À une autre échelle, Sean Baker, en fin observateur de son Amérique natale, raconte aussi la lutte des classes. Anora prend, en effet, pour contours le combat des prolétaires face aux excès des ultra-riches ; l’illusion que l’argent offre et le piège que cela peut représenter dans une société qui prône constamment la poursuite du rêve américain.
Après Red Rocket, le cinéaste interroge une nouvelle fois cette thématique et sa sempiternelle quête perdue d’avance. Il observe d’abord, cela à travers le personnage de Vanya, un jeune homme d’origine russe qui cherche à acquérir la nationalité américaine pour contester l’autorité de ses parents. Puis chez Anora, une travailleuse du sexe qui voit dans cette union, une chance de s’en sortir.
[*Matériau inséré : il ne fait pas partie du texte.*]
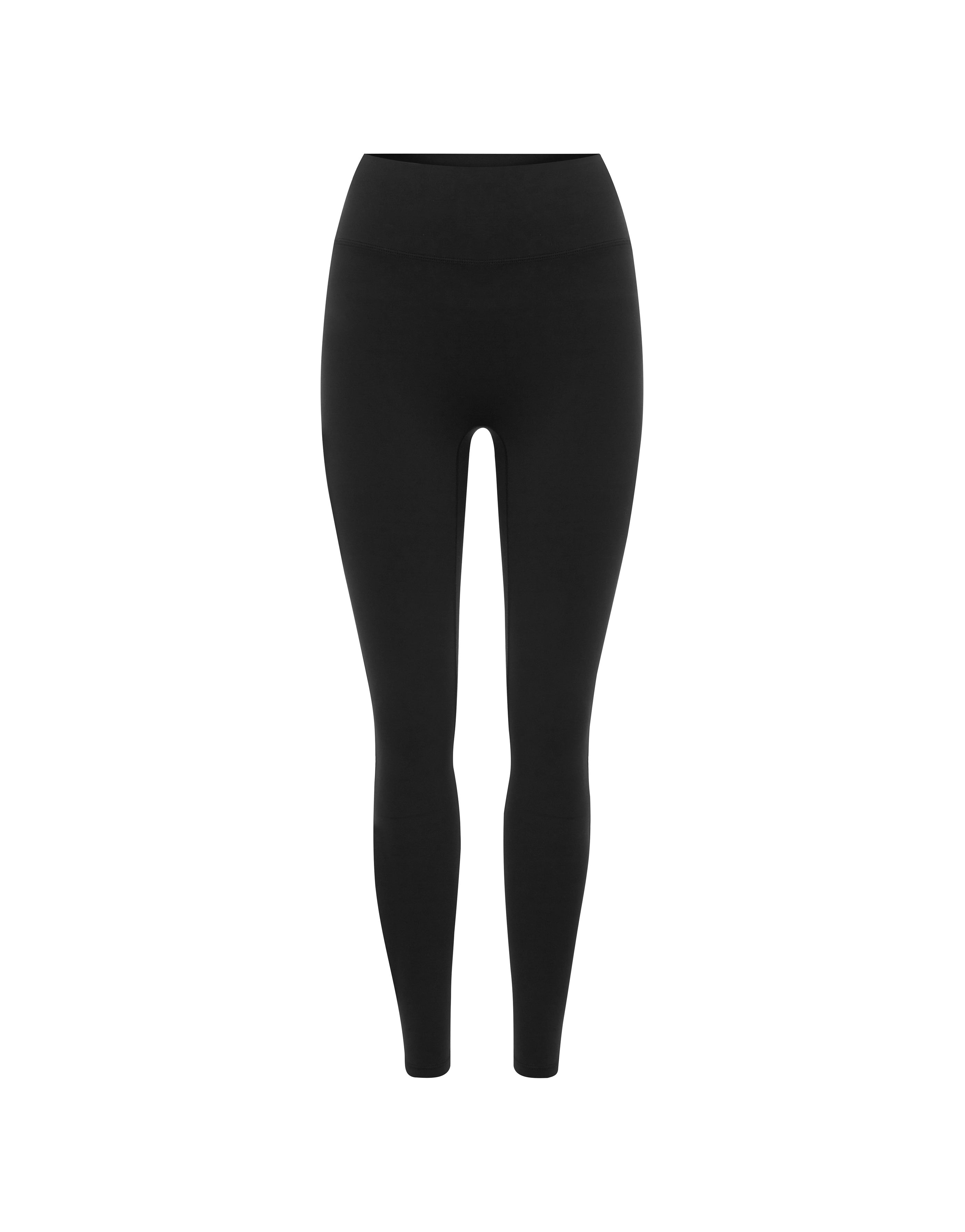 Flat lay front view of STAX. Full Length Tights Airlyte in Black isolated on a white background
Fresque féministe et comédie sociale, Anora est d’une richesse inattendue, que ce soit dans son propos, sa mise en scène, ou bien l’appréhension de ses personnages. D’une densité rare, mais en même temps particulièrement subtil, le film est surtout l’affirmation d’un cinéaste et d’un auteur à travers le regard qu’il porte sur le cinéma contemporain, sur le féminisme, mais aussi sur son Amérique. Tous ces thèmes rappellent le travail de Greta Gerwig au début de sa carrière, mais aussi avec Barbie (2023). La présidente du Jury s’est assurément laissée convaincre par l’un de ses homologues du Nouvel Hollywood contemporain, en lui remettant la Palme d’or du 77ᵉ Festival de Cannes.